Saved data entries:
----
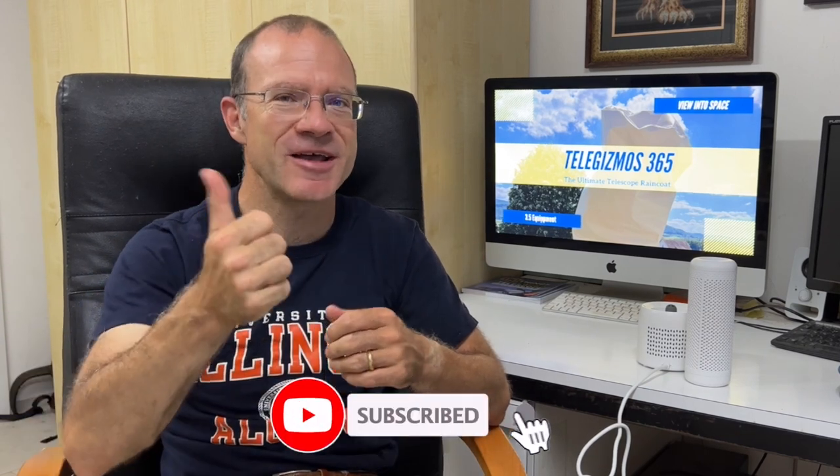I hope this was useful. If it was, please subscribe to the channel below and give me a thumbs up. See you next time — clear skies!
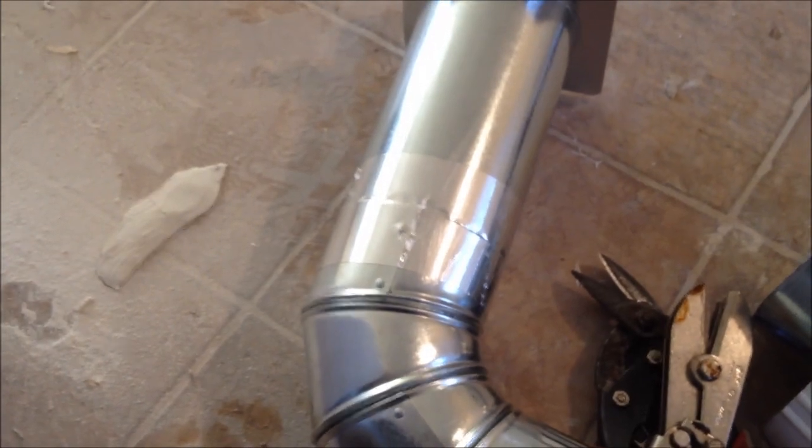First piece done. Notice there are no screws in it — you never put screws in a dryer vent, you just tape it up. The screws will catch the lint and cause the dryer vent to clog up. That's my first piece, the one going through the floor.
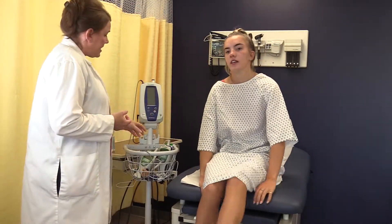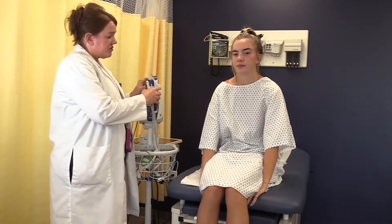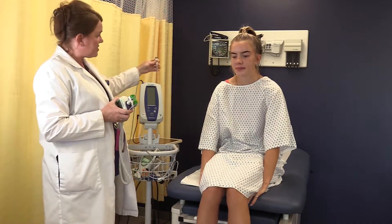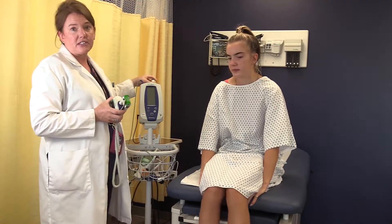When gathering a temperature on a patient, there are multiple routes that you can use. The oral route is going to be the most common that you'll see. The key is to make sure you're using the correct probe — blue indicates oral. We'll talk about the different colors for the different routes in a moment.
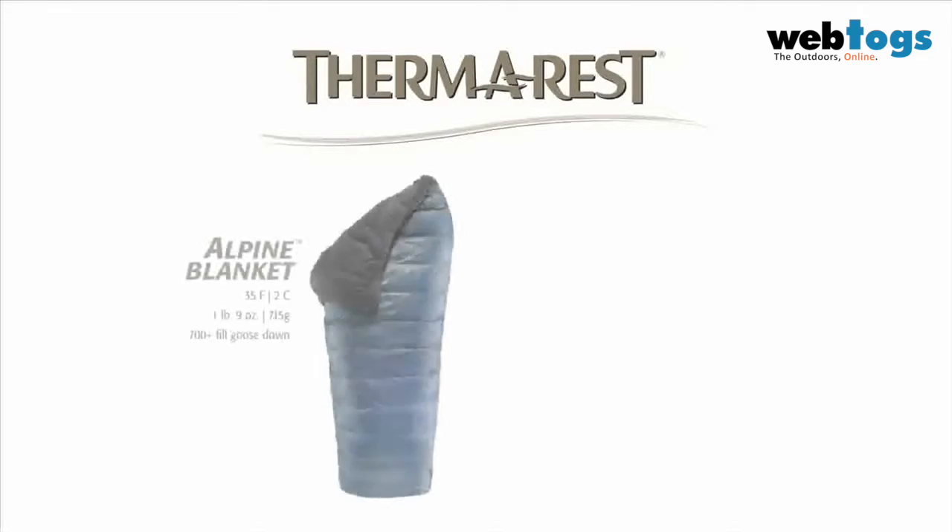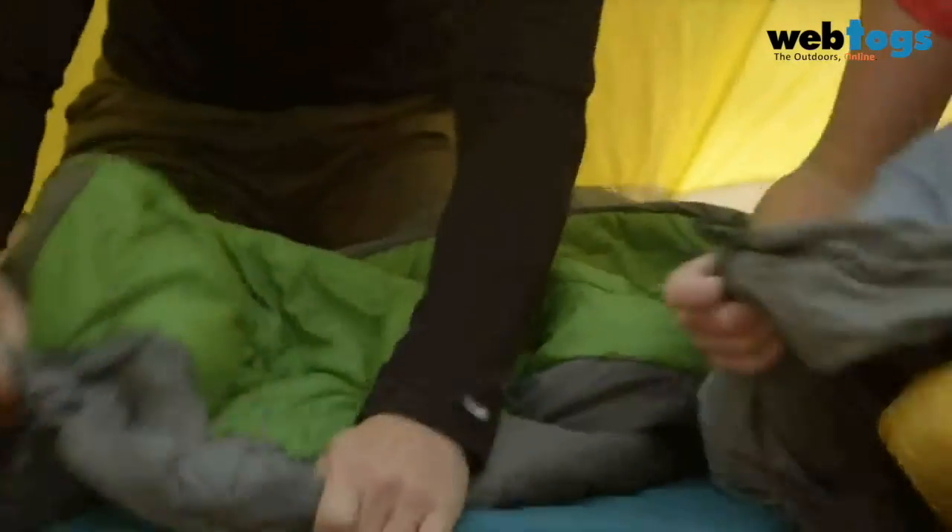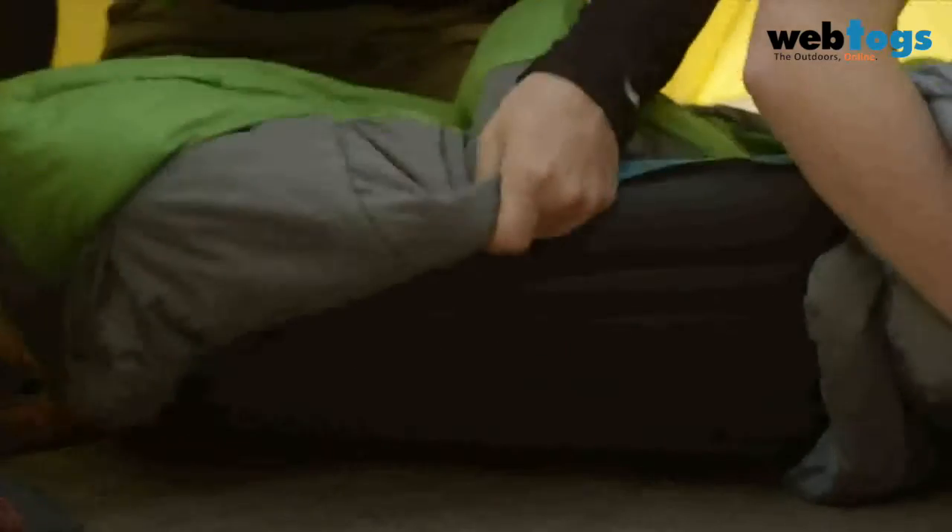At Therm-a-Rest, we've got two great blankets: the Regulus and the Alpine. The Alpine Blanket is down; the Regulus Blanket is synthetic. It's not just a simple quilt that sits above you — it's actually a baffle that goes around the perimeter to help trap in that heat.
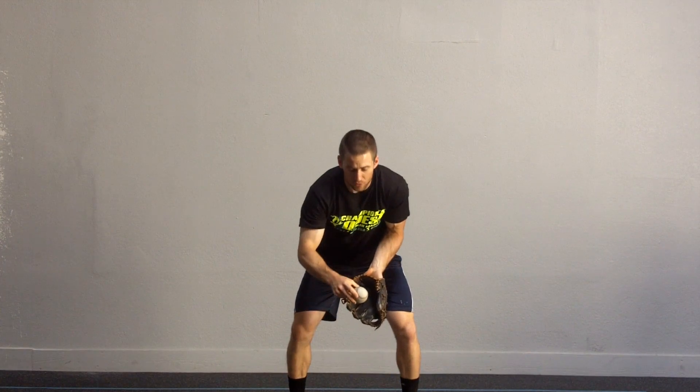Go ahead and reach out. Pick that short hop as opposed to letting that ball bounce and travel and come in. Higher likelihood of you getting a bad hop is to let that ball attack you instead of attacking the baseball.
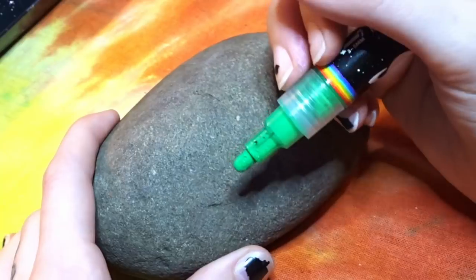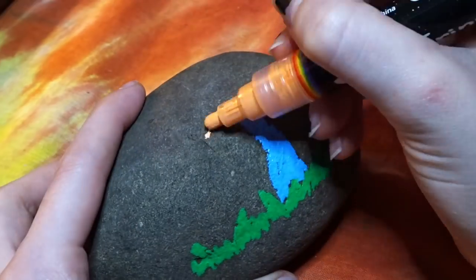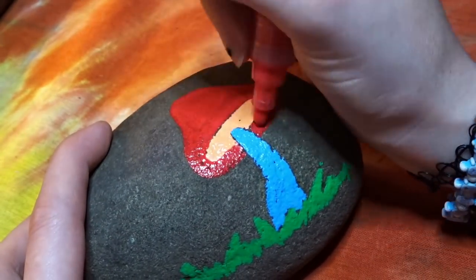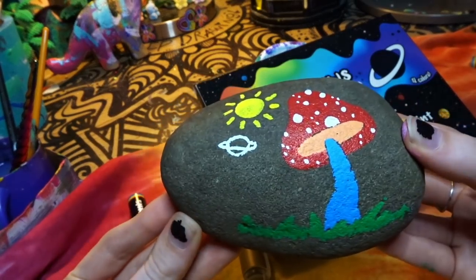Next we're going to paint a rock. I think I'm going to try to paint a little mushroom. It's working pretty good so far. The rock gets a 10 out of 10 — this is adorable, look how cute. It's so clean too.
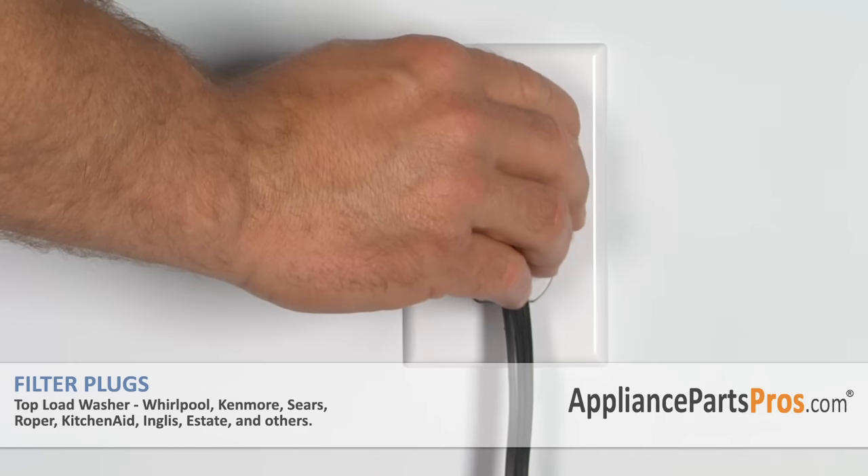Now that we have everything reinstalled we can go ahead and plug it back in and take it for a test spin. Thanks for joining us for another successful repair brought to you by AppliancePartsPros.com. Check out our other repair videos on our site, Facebook, and YouTube.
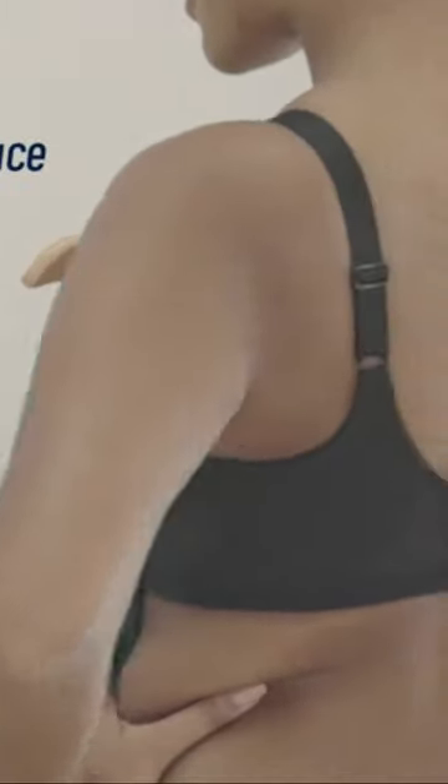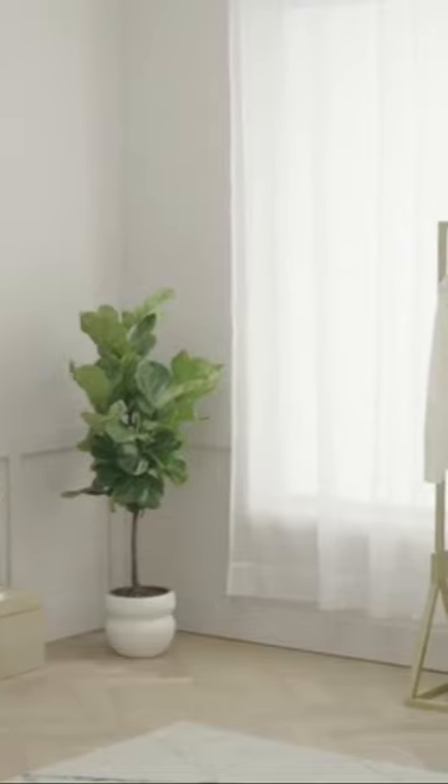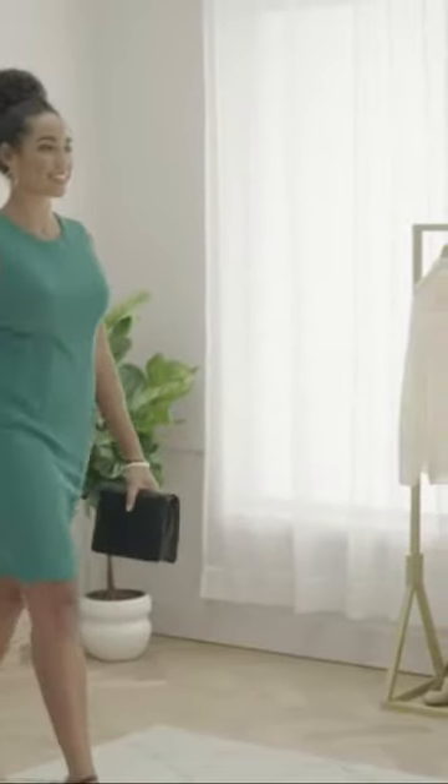Stay-in-place straps are placed closer together at the back closure so they won't slip off your shoulders. Look smooth and feel comfortable. The Beauty Back Full-Figure Wire-Free Smoothing Bra by Vanity Fair.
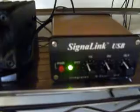Let me explain what setup I have here. I have a 2 meter FT2800 set on simplex frequency 147.055, CTCSS 151.4, fed into the Signal Link.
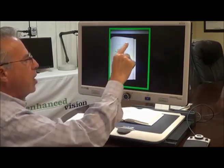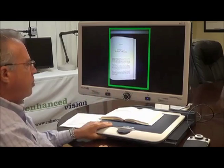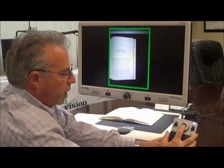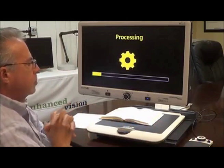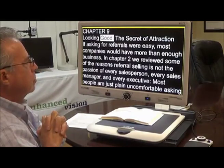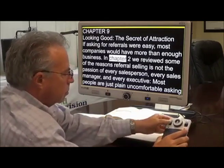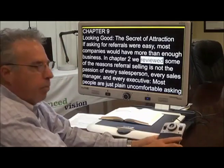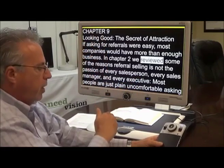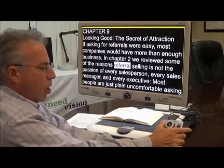In the menu, which I will show you in a moment, you have the capability to change that frame color. If you don't like green, you can change it to yellow or other optional colors. Now in order to scan, I just take the controller and press one button. The device then scans the entire page and starts reading automatically: 'Chapter 9. Looking good. The secret of attraction. If asking for referrals were easy, most companies would have more than enough business.' Using the control panel, I have the ability to pause it and start it again.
----
■ REQUIRED ACTION:
Reproduce, exactly and only, the lines of the records above starting at the line with "At Therm-a-Rest, we've" and ending at the line with "Go ahead and reach", both included. Leave every picture out.

■ RESPONSE BOX:
At Therm-a-Rest, we've got two great blankets: the Regulus and the Alpine. The Alpine Blanket is down; the Regulus Blanket is synthetic. It's not just a simple quilt that sits above you — it's actually a baffle that goes around the perimeter to help trap in that heat.
Go ahead and reach out. Pick that short hop as opposed to letting that ball bounce and travel and come in. Higher likelihood of you getting a bad hop is to let that ball attack you instead of attacking the baseball.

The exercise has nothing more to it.